- [Exercise details]
Return the listing below unchanged, except that the pictures are dropped.

- [Provided material]

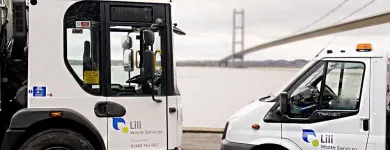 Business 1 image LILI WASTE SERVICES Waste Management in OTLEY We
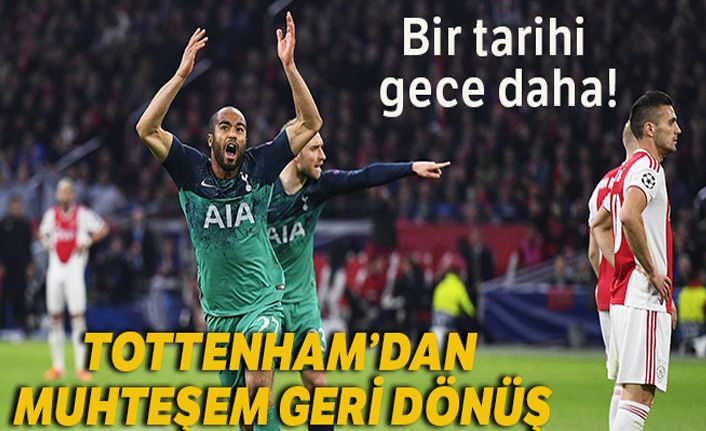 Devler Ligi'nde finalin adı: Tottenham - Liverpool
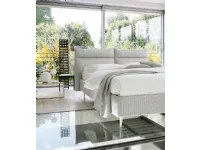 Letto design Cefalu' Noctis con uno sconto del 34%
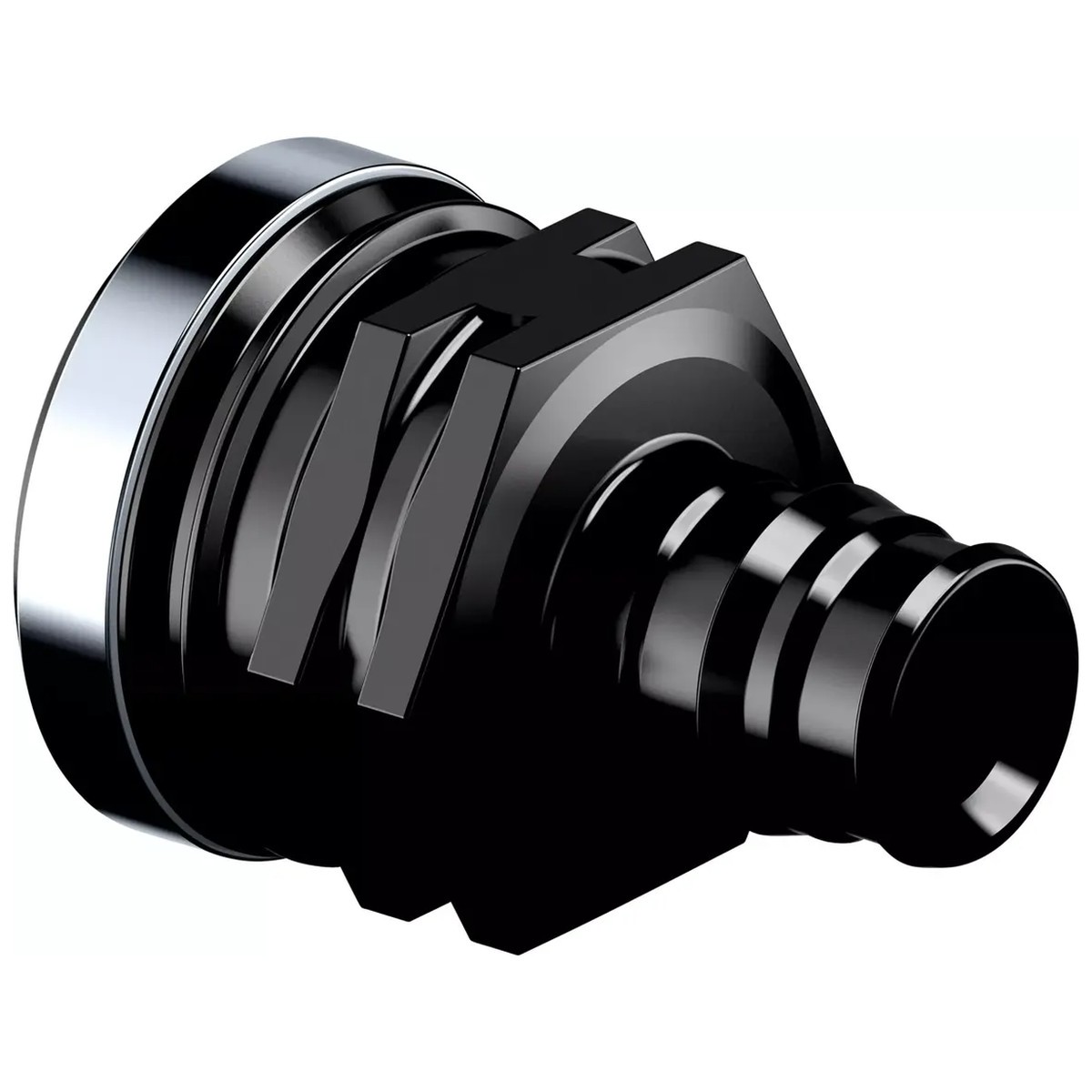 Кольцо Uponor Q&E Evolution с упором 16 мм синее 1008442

- [Response box]
 Business 1 image LILI WASTE SERVICES Waste Management in OTLEY We
 Devler Ligi'nde finalin adı: Tottenham - Liverpool
 Letto design Cefalu' Noctis con uno sconto del 34%
 Кольцо Uponor Q&E Evolution с упором 16 мм синее 1008442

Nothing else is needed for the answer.